- _EXTRACTED ENTRIES_:
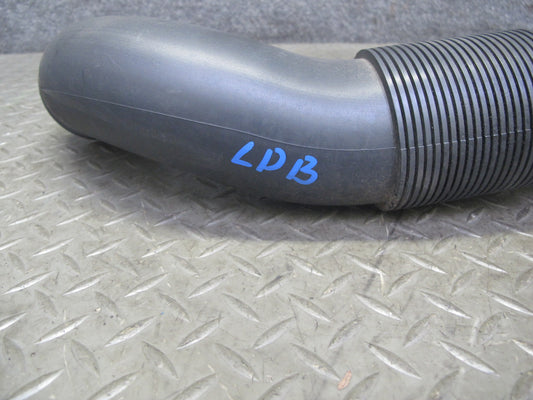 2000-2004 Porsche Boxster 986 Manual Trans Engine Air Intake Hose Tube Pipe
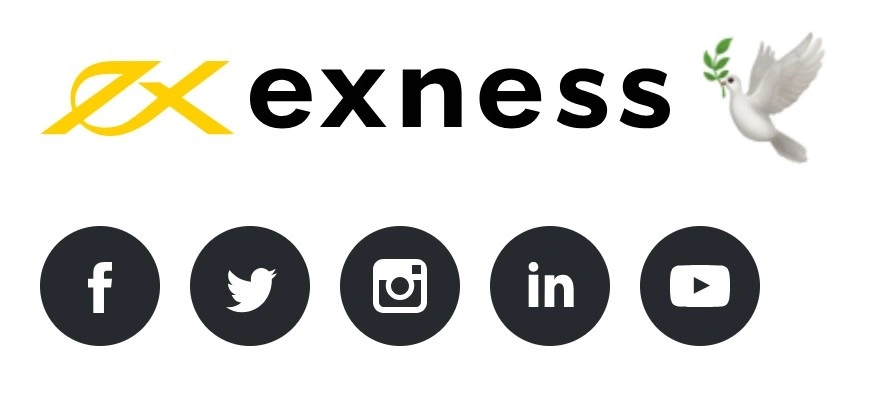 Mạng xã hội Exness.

---

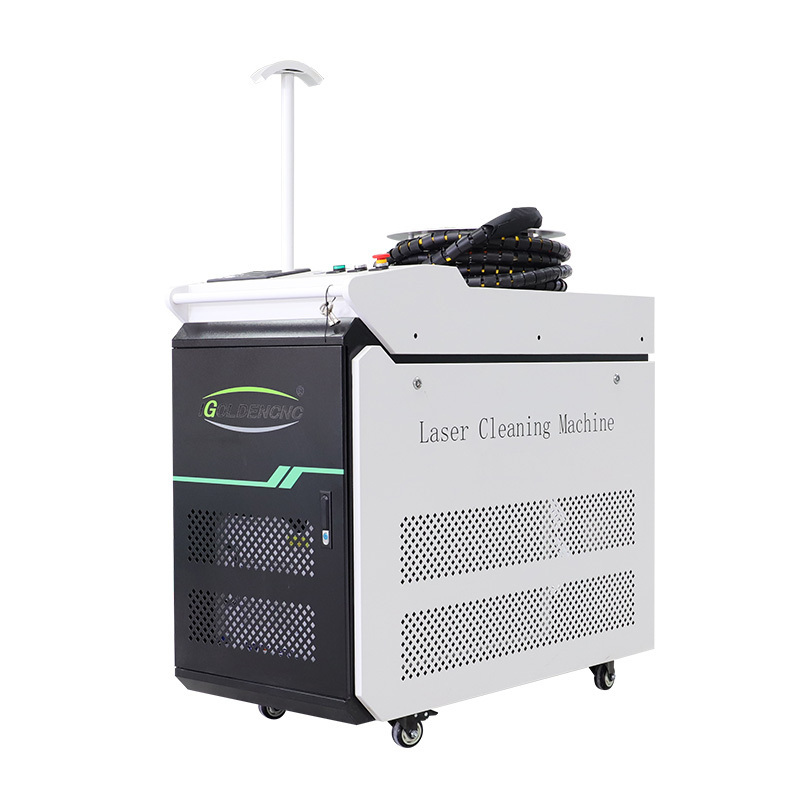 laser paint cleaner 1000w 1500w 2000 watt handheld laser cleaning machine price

--

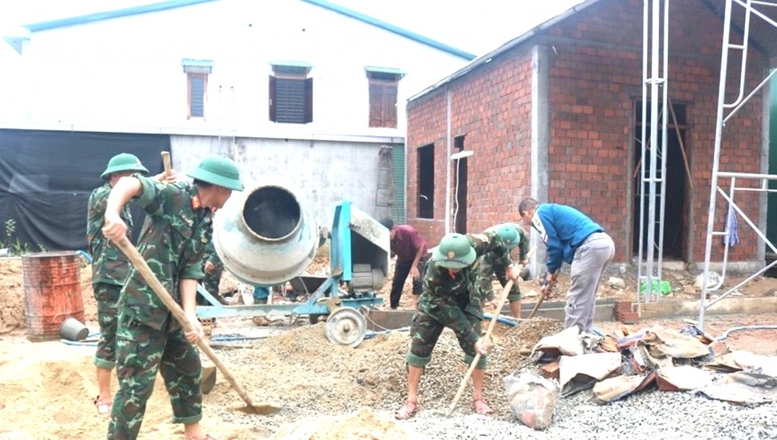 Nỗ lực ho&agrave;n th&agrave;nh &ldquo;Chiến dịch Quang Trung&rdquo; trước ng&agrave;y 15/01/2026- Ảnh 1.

- _WHAT YOU SHOULD DO_:
Exactly the lines above, from the one containing "2000-2004 Porsche Boxster" down to the one containing "Mạng xã hội Exness.", are to be repeated, including both ends. Pictures are not part of the copy.

- _OUTPUT BELOW_:
 2000-2004 Porsche Boxster 986 Manual Trans Engine Air Intake Hose Tube Pipe
 Mạng xã hội Exness.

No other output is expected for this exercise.